Ja das mache ich ja hier eigentlich auch, aber die Textur wird dann einfach so lange wiederholt bis das objekt vollgezeichnet ist, und nicht auf das Objekt "gespannt"


----------



## Evil-Devil (20. Jun 2007)

Hmm, hab mal eben bei Google geschaut und da wird das in dem Tutorial gänzlich anders gemacht.

http://www.vrupl.evl.uic.edu/LabAccidents/java3d/lesson05/index.html

Vielleicht hilft dir das.


----------



## Lutherion (20. Jun 2007)

Man kann die Texturen skalieren mit nem Transform3D Objekt in den TextureAttributes des Appearance.

Hoffe das hilft,

mfG


----------



## DiniM (2. Jul 2007)

@Evil-Devil

Wenn ich das so mache wie im Tutorial krieg ich Fehlermeldungen in der Konsole und eine "deprecated"-meldung in eclipse. Scheinbar ist diese Variante schon veraltet...
Es gibt eine Klasse namens TexCoordGeneration, in der man Vector4f-Daten angeben kann.

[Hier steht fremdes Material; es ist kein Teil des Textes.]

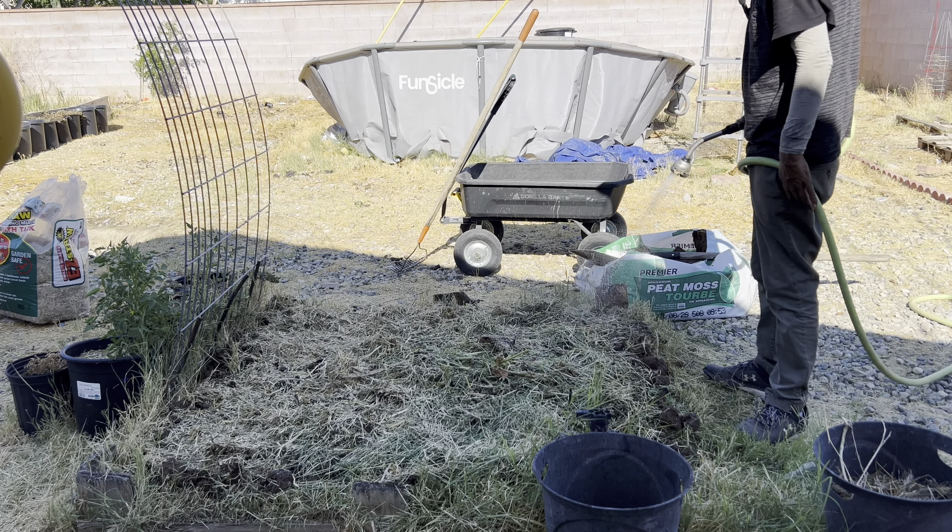I'm going to dig the peat moss into this raised bed and all that. How much peat moss to add is hard to say because I've never done it before. By the way, today is July 4th — so happy 4th of July if you're here in America! I'm going to speed this part up.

Ich weiss jedoch nicht, wie ich diese Daten anwenden muss, damit es nicht einfach die Textur kachelt, sondern die Textur auf das Objekt spannt.

Kennt sich jemand damit aus?


----------



## madman907 (13. Jul 2007)

experimentier mal mit den Werten die Du dem Vector3f übergibst und aktuell den Wert (float)1 bei dir habem. Laut Specs sind hier 0.0f bis 1.0f zugelassen, aber dieses Limit besteht eigentich garnicht, mit den übrigen Werten definierst Du die Position wenn ich mich recht entsinne.
HTH!


----------